Patricia Mou

On Self-Respect

Joan Didion explores the essence of self-respect and its influence on individual character and society. Her last sentence has stayed with me for many years: “However long we postpone it, we eventually lie down alone in that notoriously uncomfortable bed, the one we make ourselves. Whether or not we sleep in it depends, of course, on whether or not we respect ourselves.”

Contemplation: A Long Loving Look at the Real

Paired with Statement of Teaching Philosophy (poetry). We live in a world of abstractions in our head. This essay and poem reminds me that reality is the pulsing flush of the present when all sense gates are open and our conceptual filters have retreated.

Living Like Weasels

Dillard reflects on a surprising encounter with a weasel, using it to delve into themes of instinct, necessity, and the purity of living fully in the present moment. “The thing is to stalk your calling in a certain skilled and supple way, to locate the most tender and live spot and plug into that pulse. This is yielding, not fighting. A weasel doesn't "attack" anything; a weasel lives as he's meant to, yielding at every moment to the perfect freedom of single necessity.”
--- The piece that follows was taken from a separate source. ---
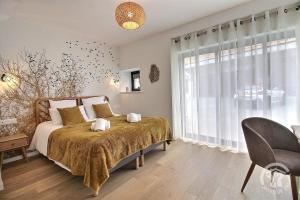 a bedroom with a bed and a large window at Le val d'ic in Pordic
Ideas are Alive and You are Dead

This essay dives into the creative process, suggesting that ideas choose minds as habitats, thriving in environments that respect and nurture them. My takeaway is that in the meandering journey of creation, what is in our control is making our minds a more fertile, lovely, and habitable place for ideas to take root.

Three Waypoints On The Journey

Jim Dethmer succinctly outlines three stages of personal and spiritual development: improving the self, questioning the mind's beliefs to find freedom and peace, and discovering the non-existence of a fixed 'me', leading to a fuller experience of life's richness. This maps to my own journey of self-unfolding as well. The most important thing we can ask ourselves: Who am I? Who is asking? Who is aware of being aware?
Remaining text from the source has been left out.